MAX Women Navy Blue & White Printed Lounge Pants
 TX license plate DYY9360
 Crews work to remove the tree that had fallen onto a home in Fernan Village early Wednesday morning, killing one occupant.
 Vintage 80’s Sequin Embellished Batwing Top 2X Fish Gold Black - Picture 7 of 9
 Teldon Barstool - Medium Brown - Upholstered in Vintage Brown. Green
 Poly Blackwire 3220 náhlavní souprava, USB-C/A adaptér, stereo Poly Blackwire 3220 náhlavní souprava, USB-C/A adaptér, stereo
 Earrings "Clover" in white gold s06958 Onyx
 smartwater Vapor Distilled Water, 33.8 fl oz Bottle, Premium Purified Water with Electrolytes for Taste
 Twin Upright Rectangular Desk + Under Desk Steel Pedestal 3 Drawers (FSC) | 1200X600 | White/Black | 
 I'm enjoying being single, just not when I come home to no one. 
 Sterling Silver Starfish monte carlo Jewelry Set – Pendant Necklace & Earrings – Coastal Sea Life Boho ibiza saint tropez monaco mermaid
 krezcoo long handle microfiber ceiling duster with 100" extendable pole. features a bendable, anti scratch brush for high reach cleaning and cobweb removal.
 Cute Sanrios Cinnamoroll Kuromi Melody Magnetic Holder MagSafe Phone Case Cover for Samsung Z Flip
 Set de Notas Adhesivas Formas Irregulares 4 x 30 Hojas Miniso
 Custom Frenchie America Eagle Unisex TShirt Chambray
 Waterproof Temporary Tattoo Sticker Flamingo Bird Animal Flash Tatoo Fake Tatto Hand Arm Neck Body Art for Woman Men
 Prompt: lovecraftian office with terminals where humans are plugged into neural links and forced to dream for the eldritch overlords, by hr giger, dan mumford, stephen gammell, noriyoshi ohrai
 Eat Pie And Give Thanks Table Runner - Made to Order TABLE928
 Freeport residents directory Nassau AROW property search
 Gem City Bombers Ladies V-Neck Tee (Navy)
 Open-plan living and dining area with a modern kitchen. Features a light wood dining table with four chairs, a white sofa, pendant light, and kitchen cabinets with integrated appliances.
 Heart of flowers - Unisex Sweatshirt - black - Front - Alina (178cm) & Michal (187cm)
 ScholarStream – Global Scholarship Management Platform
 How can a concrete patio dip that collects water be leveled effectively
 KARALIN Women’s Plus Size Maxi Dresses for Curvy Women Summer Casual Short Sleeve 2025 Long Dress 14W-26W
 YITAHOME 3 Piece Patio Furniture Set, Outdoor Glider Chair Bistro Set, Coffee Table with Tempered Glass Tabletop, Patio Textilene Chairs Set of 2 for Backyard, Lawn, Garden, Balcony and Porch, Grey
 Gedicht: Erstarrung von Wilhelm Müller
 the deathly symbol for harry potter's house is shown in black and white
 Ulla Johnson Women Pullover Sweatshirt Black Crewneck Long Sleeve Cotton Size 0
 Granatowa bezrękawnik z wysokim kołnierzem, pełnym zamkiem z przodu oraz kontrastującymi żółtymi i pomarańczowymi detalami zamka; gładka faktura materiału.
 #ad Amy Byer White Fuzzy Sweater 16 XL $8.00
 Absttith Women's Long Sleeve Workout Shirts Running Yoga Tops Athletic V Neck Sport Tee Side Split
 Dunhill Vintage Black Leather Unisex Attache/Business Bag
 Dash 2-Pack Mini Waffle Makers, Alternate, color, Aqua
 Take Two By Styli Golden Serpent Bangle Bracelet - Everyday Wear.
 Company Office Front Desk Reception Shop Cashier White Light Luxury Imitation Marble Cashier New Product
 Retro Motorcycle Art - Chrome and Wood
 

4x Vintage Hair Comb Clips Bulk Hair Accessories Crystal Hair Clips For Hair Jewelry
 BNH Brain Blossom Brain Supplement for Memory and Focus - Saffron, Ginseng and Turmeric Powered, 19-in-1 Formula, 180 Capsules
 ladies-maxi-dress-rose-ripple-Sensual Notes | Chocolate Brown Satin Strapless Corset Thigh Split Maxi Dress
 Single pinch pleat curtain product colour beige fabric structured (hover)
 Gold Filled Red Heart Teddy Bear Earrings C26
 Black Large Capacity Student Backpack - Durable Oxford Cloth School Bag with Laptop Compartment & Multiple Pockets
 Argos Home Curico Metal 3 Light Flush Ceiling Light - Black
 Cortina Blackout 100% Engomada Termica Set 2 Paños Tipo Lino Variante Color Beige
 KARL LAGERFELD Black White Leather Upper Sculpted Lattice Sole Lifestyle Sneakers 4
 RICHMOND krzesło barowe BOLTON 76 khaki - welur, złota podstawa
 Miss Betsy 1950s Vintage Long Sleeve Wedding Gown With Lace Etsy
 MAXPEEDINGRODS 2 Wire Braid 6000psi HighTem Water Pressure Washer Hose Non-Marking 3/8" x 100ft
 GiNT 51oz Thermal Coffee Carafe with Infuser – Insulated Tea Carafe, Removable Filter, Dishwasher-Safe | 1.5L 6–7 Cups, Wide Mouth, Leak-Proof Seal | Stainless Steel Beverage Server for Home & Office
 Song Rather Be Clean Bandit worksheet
+ + + + + + +
State in a single number how many lines in the data include the word "Coffee".

--- SOLUTION TO THIS TASK ---
2